In 2003, he portrayed Victorian engineer Isambard Kingdom Brunel in the BBC's Seven Wonders of the Industrial World. In 2008, he played Mr Chivery in the TV serial Little Dorrit, based on the novel by Charles Dickens. He has also appeared in the children's TV series Summerhill, as an inspector. He played the role of an orthodox Jewish rabbi (Noach Marowski) in a 2008 edition of Silent Witness. He played the role of Hermann van Daan in the 2009 BBC drama, The Diary of Anne Frank, as well as the part of David Cockram in the ITV drama Whatever It Takes, aired in the same year. In late 2012 Cook played the role of Peter in the ITV series Mrs Biggs, a retired train driver, Ronnie Biggs befriends, employed by the gang to drive the hijacked train away during the Great Train Robbery. Cook played the company accountant, Mr Arthur Crabb, in the ITV series Mr Selfridge (2013 to 2016). In 2018 he portrayed a police chief in the BBC drama The City and the City. In 2019 he played television producer Bill Calder in Death in Paradise S8:E3, and later portrayed Borch Three Jackdaws in Netflix's The Witcher. In 2020 he played Stan Sturgess in the three-part fact-based BBC drama The Salisbury Poisonings, which portrays the 2018 Novichok poisoning crisis in Salisbury, England.
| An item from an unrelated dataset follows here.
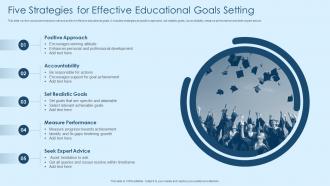 Five Strategies For Effective Educational Goals Setting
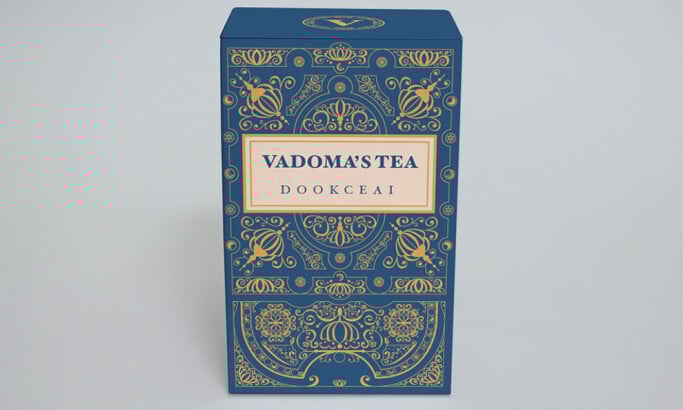 Vadoma's Tea packaging design by Christopher Klaich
Cook played the father of Dawn Sturgess who was the only fatality in the crisis. In 2022, Cook played the role of the 'Wise Owl' and its voice actor Wilf in the show “Inside No.9” in the episode "Wise Owl".

He has played Napoleon Bonaparte twice, in his 1994 guest appearance in Sharpe and again in the 2000 feature film Quills. Other film roles have included parts in The Cook, the Thief, His Wife & Her Lover (1989, as Mews), Secrets & Lies (1996), The Odyssey (1997, as Eurybates), Topsy-Turvy (1999, as Richard D'Oyly Carte), Chocolat (2000), Charlotte Gray (2001), 24 Hour Party People (2002, as Derek Ryder), Thunderbirds (2004, as Parker), 102 Dalmatians, Hot Fuzz (2007, as George Merchant) and The King's Man (2021, as Archduke Franz Ferdinand). Cook also appeared in Feeling Good, a short film written by Dexter Fletcher and directed by Dalia Ibelhauptaite.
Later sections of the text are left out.